Isfahan was once one of Central Asia's largest and most important cities, positioned at the crossroads of the main north-south and east-west trade routes. The city was the splendid capital of the Seljuq and Safavid dynasties and is renowned for its beauty, which has given rise to the Iranian saying that “Isfahan is half the world.”
Commerce has always been central to the growth of Isfahan, to the extent that the Safavid Shah Abbas I (1588-1629) effectively re-routed the Silk Road through Isfahan and made the city his capital so that his empire would enjoy a trading monopoly. By the seventeenth century, the city attracted not only European merchants but also missionaries and mercenaries, as it became a religiously tolerant center of mercantile and diplomatic activity in which merchants and travelers from a variety of cultures and religions rubbed shoulders.

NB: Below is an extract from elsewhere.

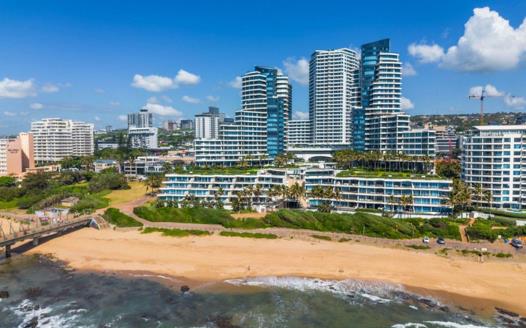 2 Bedroom Apartment / Flat for sale in Umhlanga Central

Isfahan first rose to international prominence as the capital of the great Seljuq Empire (1038-1194), which stretched from Central Asia to Syria. The Seljuqs had a huge impact on the cultural and architectural development of the city, and the consolidation of their empire was also significant in unifying a territory that had been competed for by diverse ethnic groups in central Asia for centuries.
Shah Abbas I, who reigned from 1588 to 1629, made the decision to move the capital from Qazvin to Isfahan in 1590, motivated both by the city's enormous economic potential and position at the crossroads of trade and by concerns for security, given its central location at a safe distance from troubled borderlands. Favorable historical associations also set Isfahan apart from other Iranian cities – as the Seljuq capital, it associated Abbas with an illustrious past dynasty.

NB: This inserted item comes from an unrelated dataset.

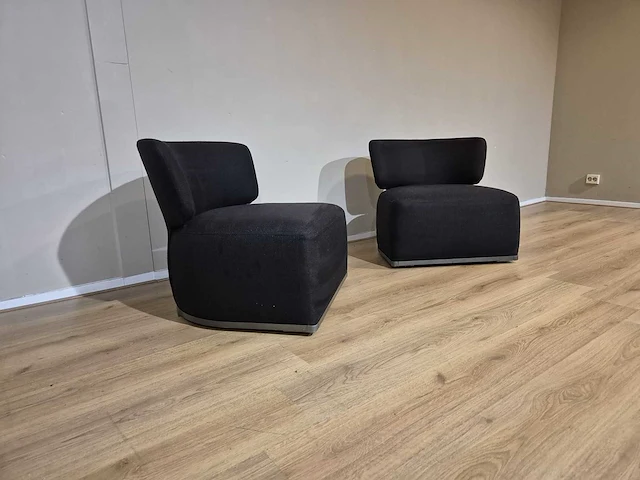 B&b maxalto - amoenus - fauteuil - showroommodellen(2x) - afbeelding 2 van  10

The Safavids were a local Iranian dynasty. It was not until the reign of Shah Abbas I that the city was renovated in a style that broke with Seljuq tradition, with the construction of many of the monuments and buildings for which Isfahan is renowned today. Wealth and labor were used to build bridges, roads, and caravanserais to encourage and facilitate trade. The imperial household was transferred there, and followed by merchants and artisans who relocated along with them.